The key effect of interest was the gender difference in the tendency to endorse average and photograph own-gender and other-gender faces when they matched the preceding set. The nonmatching conditions, in contrast, were added primarily to ensure that the test face was associated with the preceding set on half of the trials (the matching conditions), but not on the other half (the nonmatching conditions). In order to test any differences in endorsement rates in matching conditions only, we performed a three-way ANOVA (observer gender × test face gender × test face) on these data. There was a main effect of test face, F(1, 28) = 29.96, MSE = .018, p < .001, η p 2 = .517, again confirming that endorsement rates were higher for matching morphed average faces than for matching photographs. The critical finding, however, was a significant three-way interaction between observer gender, test face gender, and test face, F(1, 28) = 4.28, MSE = .004, p < .05, η p 2 = .133. As can be seen in the matching conditions in Fig. 2, male and female observers showed opposite patterns of endorsement rates as a function of face gender. Males had a larger increase in endorsement rate for male morphs (vs. photographs; endorsement difference between morph and photograph of .164), t(14) = 4.11, SEM = .04, p = .001, Cohen’s d = 0.73, as compared with female morphs (vs. photographs; endorsement difference between morph and photograph of .122), t(14) = 2.79, SEM = .044, p < .05, Cohen’s d = 0.49. Conversely, females had a larger increase in endorsement rate for female morphs (vs. photographs; endorsement difference between morph and photograph of .149), t(14) = 4.43, SEM = .034, p < .001, Cohen’s d = 0.59, as compared with male morphs (vs. photographs; endorsement difference between morph and photograph of .1), t(14) = 3.01, SEM = .033, p < .01, Cohen’s d = 0.44. Thus, although endorsement rates were reliably greater for matching morphs than for matching photographs in all cases, the interaction confirms that the differences were greater for male faces in male observers and for female faces in female observers.

Discussion

Observers were more likely to mistake a morphed average of four faces previously seen in a set as one of the set members than they were to correctly identify a repeated photograph as a set member.
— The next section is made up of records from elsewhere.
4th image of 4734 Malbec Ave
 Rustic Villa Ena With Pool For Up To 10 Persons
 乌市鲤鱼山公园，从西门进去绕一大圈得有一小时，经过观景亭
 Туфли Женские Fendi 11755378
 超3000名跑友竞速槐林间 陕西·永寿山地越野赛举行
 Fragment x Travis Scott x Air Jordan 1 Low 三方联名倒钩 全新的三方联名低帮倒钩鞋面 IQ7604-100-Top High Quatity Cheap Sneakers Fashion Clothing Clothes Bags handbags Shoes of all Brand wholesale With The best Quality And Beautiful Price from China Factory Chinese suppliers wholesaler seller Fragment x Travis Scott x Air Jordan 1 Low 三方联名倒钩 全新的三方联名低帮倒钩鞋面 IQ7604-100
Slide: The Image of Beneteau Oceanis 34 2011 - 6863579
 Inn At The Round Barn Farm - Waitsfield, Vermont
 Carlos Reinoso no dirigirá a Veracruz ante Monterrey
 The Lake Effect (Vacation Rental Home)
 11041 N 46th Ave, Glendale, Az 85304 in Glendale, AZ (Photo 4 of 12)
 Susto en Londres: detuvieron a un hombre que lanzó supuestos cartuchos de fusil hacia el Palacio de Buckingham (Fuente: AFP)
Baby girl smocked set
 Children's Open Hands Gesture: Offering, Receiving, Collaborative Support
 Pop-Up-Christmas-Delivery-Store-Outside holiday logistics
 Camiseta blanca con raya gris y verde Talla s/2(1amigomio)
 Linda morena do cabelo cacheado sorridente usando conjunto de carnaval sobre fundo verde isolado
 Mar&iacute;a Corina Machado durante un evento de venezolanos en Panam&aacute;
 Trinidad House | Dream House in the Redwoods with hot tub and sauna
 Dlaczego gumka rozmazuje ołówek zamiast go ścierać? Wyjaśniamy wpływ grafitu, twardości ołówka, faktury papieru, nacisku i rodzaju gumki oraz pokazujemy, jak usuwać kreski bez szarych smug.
This finding replicates previous evidence suggesting that multiple faces can be represented in terms of a summary description (De Fockert & Wolfenstein, 2009; Haberman & Whitney, 2007, 2009) and provides further support for the notion that information from multiple faces can be summarized to form stable face representations. Clearly, this mechanism applies not only to repeated instances of the same facial identity (Jenkins & Burton, 2011), but also to sets of faces with multiple identities. Moreover, averaging does not necessarily require sequential processing of instances of the same facial identity (the prototype effect; e.g., Bruce, Doyle, Dench, & Burton, 1991; Cabeza, Bruce, Kato, & Oda, 1999) but also occurs for simultaneously presented faces that were perceived just once. Finding evidence for visual averaging in a task in which this strategy impairs performance and in which, instead, the importance of processing of individual set members is emphasized provides strong evidence that visual averaging is a fundamental mechanism for face processing.Footnote 1

The key finding was that the likelihood of choosing the morphed average face over a photograph was greater for male faces in male observers and for female faces in female observers. This pattern of the gender effect, with stronger averaging for faces with the same gender as the observer’s, was not one that we predicted. Our first prediction, that females would show a greater tendency to endorse the morphed average of a set of seen faces than would males, was not supported: The three-way interaction between observer gender, face matching, and face condition (average vs. photograph) was not significant, F < 1, implying that female observers were as likely as male observers to endorse matching morphed average faces. Our second prediction, based on both the own-gender advantage in face recognition (e.g., Cross et al., 1971) and the out-group homogeneity effect (e.g., Park & Judd, 1990), was that incorrect endorsement rates for own-gender average faces would be lower and correct endorsement rates for own-gender photographs higher, as compared with faces from the opposite gender. Instead, we found the opposite pattern of results, with higher incorrect endorsement of own-gender (vs. other-gender) morphs and lower correct endorsement of own-gender (vs. other-gender) photographs.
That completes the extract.